Fiction Reviews

The Bear and the Serpent

(2017) Adrian Tchaikovsky, Macmillan, 18.99, hrdbk, xiv + 447pp, ISBN 978-1-509-83022-0


The Bear and the Serpent continues Adrian Tchaikovsky's tale that was started in The Tiger and the Wolf and is book two of 'Echoes of the Falls'. If you have not read the first novel I would suggest you start there.

This novel tells of Maniye Many Tracks, champion of her people, who fails to find a home amongst either her father or mothers tribes, so travels south to the river lands to assist Prince Tecuman to become king instead of his twin sister. Meanwhile, Lord Thunder gathers the clans in the north to face a very old enemy. The two quests eventually come together as they realise that one of these fights could be the end of them all.

The story is told from several different perspectives, but they weave together to form a single epic thread, viewing the fates of the world by multiple small perspectives. This is a lovely approach, that runs the risk of either failing to show the bigger picture if the character perspective is too narrow or losing the readers empathy for the characters if their perspective is too wide.
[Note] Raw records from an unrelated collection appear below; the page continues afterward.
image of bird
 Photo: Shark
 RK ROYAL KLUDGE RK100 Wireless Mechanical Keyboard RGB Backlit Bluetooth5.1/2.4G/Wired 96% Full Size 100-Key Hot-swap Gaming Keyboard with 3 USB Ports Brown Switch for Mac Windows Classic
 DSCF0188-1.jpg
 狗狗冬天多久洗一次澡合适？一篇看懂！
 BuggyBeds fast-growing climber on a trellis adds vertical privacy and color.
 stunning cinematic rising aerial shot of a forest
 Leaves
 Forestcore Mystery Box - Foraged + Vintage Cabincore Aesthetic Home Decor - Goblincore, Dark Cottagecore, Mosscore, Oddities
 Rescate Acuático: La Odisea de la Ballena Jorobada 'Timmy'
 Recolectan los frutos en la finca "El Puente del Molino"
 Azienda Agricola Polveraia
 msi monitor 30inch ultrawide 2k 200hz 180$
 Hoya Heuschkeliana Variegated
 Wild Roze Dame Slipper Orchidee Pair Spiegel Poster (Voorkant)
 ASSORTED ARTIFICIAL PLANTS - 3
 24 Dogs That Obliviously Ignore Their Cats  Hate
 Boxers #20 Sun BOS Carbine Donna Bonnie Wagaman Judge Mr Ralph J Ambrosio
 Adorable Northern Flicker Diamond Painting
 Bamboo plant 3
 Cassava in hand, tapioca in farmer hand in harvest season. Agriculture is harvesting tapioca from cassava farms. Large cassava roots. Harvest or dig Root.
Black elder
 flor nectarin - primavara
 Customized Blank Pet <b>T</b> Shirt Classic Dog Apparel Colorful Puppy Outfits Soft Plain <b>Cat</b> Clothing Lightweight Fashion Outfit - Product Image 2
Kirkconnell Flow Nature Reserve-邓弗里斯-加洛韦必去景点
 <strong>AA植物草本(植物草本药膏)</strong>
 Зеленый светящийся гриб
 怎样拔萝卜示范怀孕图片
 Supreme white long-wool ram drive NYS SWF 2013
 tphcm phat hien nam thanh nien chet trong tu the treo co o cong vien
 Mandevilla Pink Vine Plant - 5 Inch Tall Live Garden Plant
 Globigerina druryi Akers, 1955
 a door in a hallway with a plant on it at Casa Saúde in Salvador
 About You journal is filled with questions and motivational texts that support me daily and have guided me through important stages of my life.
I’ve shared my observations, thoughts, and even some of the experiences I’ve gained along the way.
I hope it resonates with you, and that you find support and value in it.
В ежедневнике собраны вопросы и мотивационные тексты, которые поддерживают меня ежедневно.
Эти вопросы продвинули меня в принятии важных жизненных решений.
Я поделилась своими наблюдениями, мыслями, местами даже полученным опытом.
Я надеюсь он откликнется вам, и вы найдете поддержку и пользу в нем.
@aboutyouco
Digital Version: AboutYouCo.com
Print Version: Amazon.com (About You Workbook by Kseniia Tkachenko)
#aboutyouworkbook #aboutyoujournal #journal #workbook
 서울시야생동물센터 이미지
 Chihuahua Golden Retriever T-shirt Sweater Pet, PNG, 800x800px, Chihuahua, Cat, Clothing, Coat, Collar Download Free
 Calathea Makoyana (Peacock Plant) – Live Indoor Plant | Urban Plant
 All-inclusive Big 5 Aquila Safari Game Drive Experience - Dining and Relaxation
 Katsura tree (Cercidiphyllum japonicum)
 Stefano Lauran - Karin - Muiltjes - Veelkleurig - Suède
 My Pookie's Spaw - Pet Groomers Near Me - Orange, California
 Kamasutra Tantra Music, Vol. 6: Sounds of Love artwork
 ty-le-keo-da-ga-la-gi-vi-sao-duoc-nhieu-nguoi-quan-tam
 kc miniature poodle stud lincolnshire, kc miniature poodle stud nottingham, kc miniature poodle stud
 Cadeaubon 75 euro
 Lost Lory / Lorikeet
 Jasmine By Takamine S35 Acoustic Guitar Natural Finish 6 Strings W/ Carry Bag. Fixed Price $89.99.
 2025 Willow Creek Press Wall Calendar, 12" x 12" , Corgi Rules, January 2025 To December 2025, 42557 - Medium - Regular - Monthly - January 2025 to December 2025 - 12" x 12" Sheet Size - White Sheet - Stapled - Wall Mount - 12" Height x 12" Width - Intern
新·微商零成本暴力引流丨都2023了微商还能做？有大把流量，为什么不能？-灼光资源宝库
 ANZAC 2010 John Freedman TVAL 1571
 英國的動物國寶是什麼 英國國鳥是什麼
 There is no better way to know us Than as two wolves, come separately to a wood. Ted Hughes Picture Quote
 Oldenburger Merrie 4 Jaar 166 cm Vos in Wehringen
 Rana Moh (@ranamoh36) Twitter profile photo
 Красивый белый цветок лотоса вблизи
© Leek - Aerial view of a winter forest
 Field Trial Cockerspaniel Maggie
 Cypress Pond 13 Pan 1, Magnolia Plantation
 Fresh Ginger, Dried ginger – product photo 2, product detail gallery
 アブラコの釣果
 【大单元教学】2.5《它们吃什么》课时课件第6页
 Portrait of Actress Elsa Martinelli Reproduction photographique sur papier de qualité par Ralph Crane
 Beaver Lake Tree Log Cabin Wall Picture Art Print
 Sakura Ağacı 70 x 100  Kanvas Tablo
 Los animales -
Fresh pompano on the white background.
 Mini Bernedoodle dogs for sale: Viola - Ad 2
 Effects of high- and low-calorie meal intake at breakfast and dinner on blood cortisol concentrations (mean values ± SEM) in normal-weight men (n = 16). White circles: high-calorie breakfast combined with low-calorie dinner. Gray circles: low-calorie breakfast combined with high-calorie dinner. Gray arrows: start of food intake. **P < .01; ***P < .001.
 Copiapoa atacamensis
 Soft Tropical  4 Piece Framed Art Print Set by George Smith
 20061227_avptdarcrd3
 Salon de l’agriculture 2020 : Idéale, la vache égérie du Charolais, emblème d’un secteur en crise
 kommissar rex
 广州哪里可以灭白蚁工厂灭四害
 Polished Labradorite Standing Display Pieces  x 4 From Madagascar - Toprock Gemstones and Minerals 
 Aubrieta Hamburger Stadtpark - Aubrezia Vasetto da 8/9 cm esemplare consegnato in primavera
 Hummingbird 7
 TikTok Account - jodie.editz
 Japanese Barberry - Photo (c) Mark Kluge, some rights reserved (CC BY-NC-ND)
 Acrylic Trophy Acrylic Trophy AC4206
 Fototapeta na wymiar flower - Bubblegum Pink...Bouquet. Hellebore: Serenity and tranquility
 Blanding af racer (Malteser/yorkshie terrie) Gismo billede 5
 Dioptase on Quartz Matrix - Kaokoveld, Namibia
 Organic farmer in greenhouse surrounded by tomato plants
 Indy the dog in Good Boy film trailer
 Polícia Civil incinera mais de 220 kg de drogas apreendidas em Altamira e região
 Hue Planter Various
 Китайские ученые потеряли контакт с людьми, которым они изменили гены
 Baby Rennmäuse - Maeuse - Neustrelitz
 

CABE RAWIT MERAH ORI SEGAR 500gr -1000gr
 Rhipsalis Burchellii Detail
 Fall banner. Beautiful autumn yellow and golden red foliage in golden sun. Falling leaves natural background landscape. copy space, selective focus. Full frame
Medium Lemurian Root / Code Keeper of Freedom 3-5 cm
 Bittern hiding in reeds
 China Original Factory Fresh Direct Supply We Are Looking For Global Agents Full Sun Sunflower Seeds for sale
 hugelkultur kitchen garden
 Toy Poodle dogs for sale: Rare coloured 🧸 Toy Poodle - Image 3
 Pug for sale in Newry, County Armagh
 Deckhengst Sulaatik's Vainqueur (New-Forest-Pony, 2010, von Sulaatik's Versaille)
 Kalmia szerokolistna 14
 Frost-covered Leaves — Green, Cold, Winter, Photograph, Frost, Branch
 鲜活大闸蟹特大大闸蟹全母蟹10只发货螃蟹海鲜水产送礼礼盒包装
It is a narrow path, but Tchaikovsky steers his readers through it masterfully.

Those familiar with the previous 'Shadows of the Apt' series will perhaps be unsurprised that the clans of these tales take on an animal aspect which in this case manifests as an ability for individuals to take on the form of their animal. Some individuals can take on more than one form, including a few special individuals who can take on the form of a larger 'champion' animal. There are hinted at links between this tale and the one of the earlier series. Details of lands, magics and other story elements lead a perceptive reader to consider the early histories of the people and speculate about where their original homeland was and why they might have left it.

Themes of religion and prophecy are much stronger in this book than the previous one. In the first book, we met the priests of the Wolf who keep the secrets of carrying iron and demand sacrifice to his cruel jaws and some hints of the enigmatic followers of the Serpent. In this story, we get the sense that maybe the Serpent and his followers have a larger influence over the land than those in the cold north are aware of. We also find out about the religious customs and practises about the other gods and priest of the southern lands. Of course, no matter which priest you hear from, it does not take long for the reader to realise that they all agree about the coming doom.

The narrative moves along at a reasonable pace, balancing the description of their travels and lands with the interaction and outcomes with those they meet. This is an interesting and rich, complex tale, that keeps your attention throughout. Tchaikovsky yet again demonstrates his superb narrative ability to drawn in a reader with a captivating story.